My project is specifically concerned with the idea of de novo design (Latin for ‘from new’). De novo design builds novel molecules in virtual space and evaluates them against some measure of functionality, such as similarity to a compound known to work well, or the complementarity between the shape of the molecule and the receptor it is to fill. The aim is to streamline the drug discovery process. By referring to these virtual compounds, it may be possible to reduce the number of synthesis operations necessary. However, the sheer number of potential molecules that can be made renders it impossible to explore all of chemical space for solutions, even with modern levels of computing power. As a result, various predictive sampling processes (such as the Monte Carlo method) have been adapted for use in this field. These can give good results, but their simplistic approach to constructing molecules can lead to products being generated that are impossible to fabricate in real world situations, limiting the overall usefulness of the methods.
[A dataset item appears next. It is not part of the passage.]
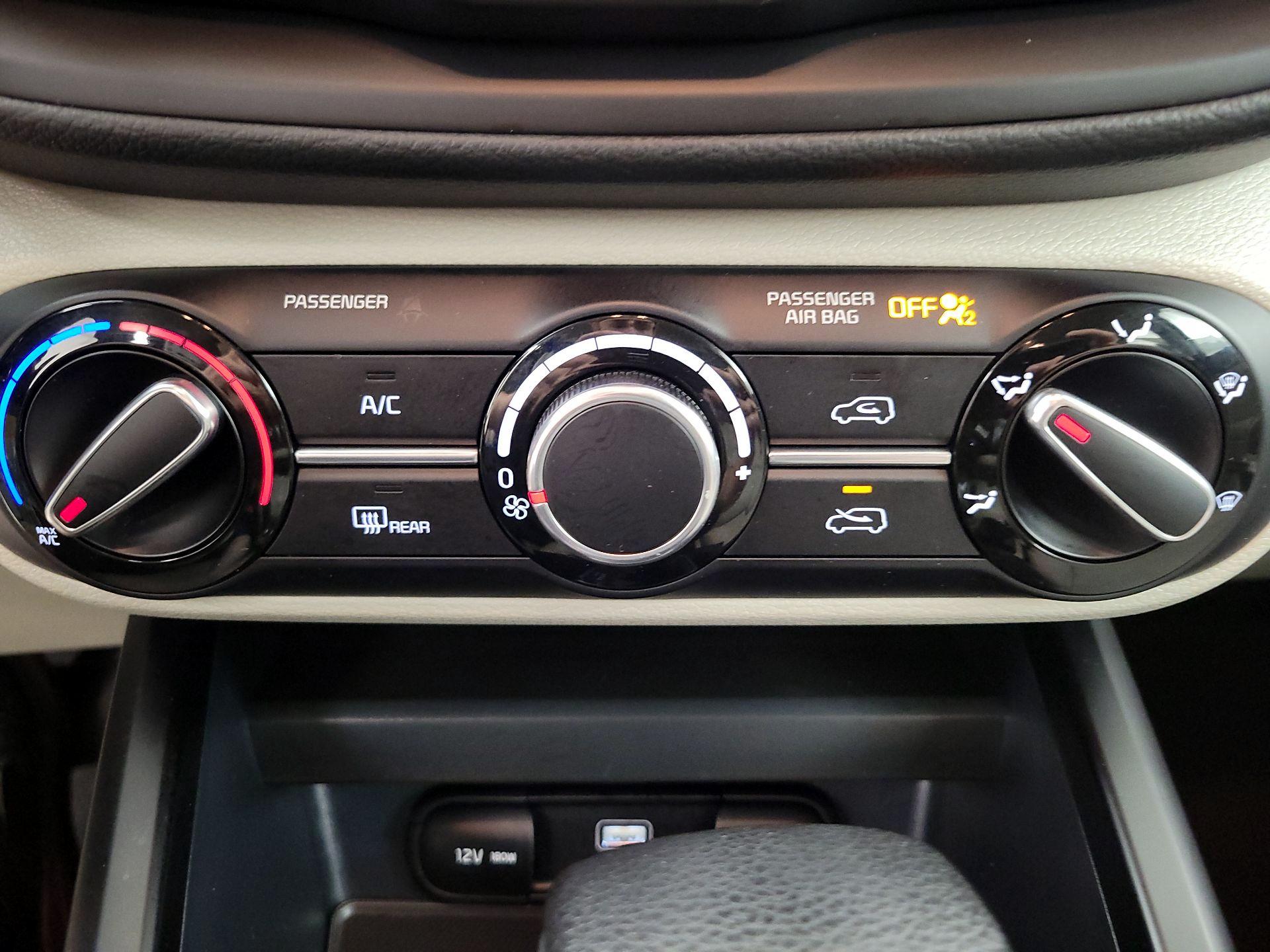 Thumbnail: 2024 Kia Soul - 16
In order to work around such problems, methods have been developed within the chemoinformatics group that use genuine reaction data from literature to create generic rules (the reaction vectors). These rules can be applied to a given starting material to generate new molecules. This provides a compromise between finding novel molecules and retaining a synthetic awareness, as each transformation is based on a literature precedent. However, this method has its own limitations. Some structures for example, can be built up using multistep reaction sequences. In many cases, the intermediate steps in such sequences do not resemble either the end product or the starting material in terms of similarity to the target. Consequently, many potentially useful molecules are never completed because steps en route to the end product score poorly.
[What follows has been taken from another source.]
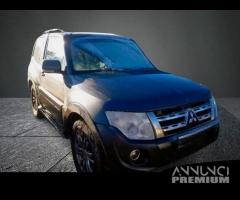 2013 MITSUBISHI SHOGUN 4WO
One solution to this problem is to create a new rule format that represents all the reaction steps in one operation. This requires some initial identification of those sequences, which is where my project comes in. If we regard a chemical reaction as a transformation of one molecule into another, it becomes possible to connect these transformations together into a network. Every path through the network will represent a multistep synthetic route for which each step has a known example in the literature. Reaction properties such as ease of synthesis, cost of materials, yield of product etc. can then be added to the network to bias the selection of routes in accordance with a particular set of criteria.